Pabna, Sirajganj weavers have no time to waste
With Eid approaching, a weaver busy producing handloom cloths at a weaving factory at Shahjadpur in Pabna district. Photo: Star
Weavers of Pabna and Sirajganj districts, the biggest handloom cloth producing zone in the country, are passing busy time ahead of the Eid-ul-Fitr.
Sellers of over 200 large wholesale shops at Shahjadpur Tant Kaporer Hat, the biggest wholesale market of handloom products in the country, are also busy as the traders from different parts of the country are thronging there to buy cloths.
The areas noted for weaving industry are in Shahjadpur, Ullapara, Chowhali (Enayetpur), Kazipur, Belkuchi and Sadar upazilas of Sirajganj district and Bera, Santhia, Sujanagar and Sadar upazilas of Pabna.
“Now 3.5 lakh looms are operating in 10 upazilas of the two districts with target to produce two crore pieces of handloom cloths.
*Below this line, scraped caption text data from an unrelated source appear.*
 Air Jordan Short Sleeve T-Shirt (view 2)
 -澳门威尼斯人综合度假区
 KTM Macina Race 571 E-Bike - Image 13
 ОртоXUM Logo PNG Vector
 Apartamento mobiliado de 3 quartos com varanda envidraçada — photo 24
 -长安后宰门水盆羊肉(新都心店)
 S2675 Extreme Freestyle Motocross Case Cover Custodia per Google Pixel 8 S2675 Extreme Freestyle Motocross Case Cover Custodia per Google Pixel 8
At least 70 percent of the country's demand for handloom cloths is met from the zone,” said Md Haidar Ali, vice president of Bangladesh Handloom and Power Loom Owners Association, also president of Sirajganj district unit of the association.
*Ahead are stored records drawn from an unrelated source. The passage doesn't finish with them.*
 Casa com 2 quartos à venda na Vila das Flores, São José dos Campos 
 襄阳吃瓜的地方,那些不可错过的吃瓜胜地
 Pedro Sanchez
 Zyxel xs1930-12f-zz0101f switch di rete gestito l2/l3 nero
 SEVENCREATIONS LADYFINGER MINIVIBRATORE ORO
Around 50 percent of the total production of the two districts is exported to India and the demand soars up ahead of the Eid, Haider added.
But marginal weavers of the two districts are suffering due to the fund crisis in the peak production season.
“I have three looms. I and my son are working in two looms while the other has remained abandoned. I do not engage worker due to fund crises,” said Md Raihan Ali, a marginal weaver of Dorgarchar in Shahjadpur upazila.
"I have targeted to produce 100 pieces of sarees in my two looms. But to start the work, I had to borrow money from a mohazan (money lender) on condition of giving him 60 pieces of sarees without making any profit,” Raihan said.
Around 15 thousand marginal weavers of the two districts are facing similar problems.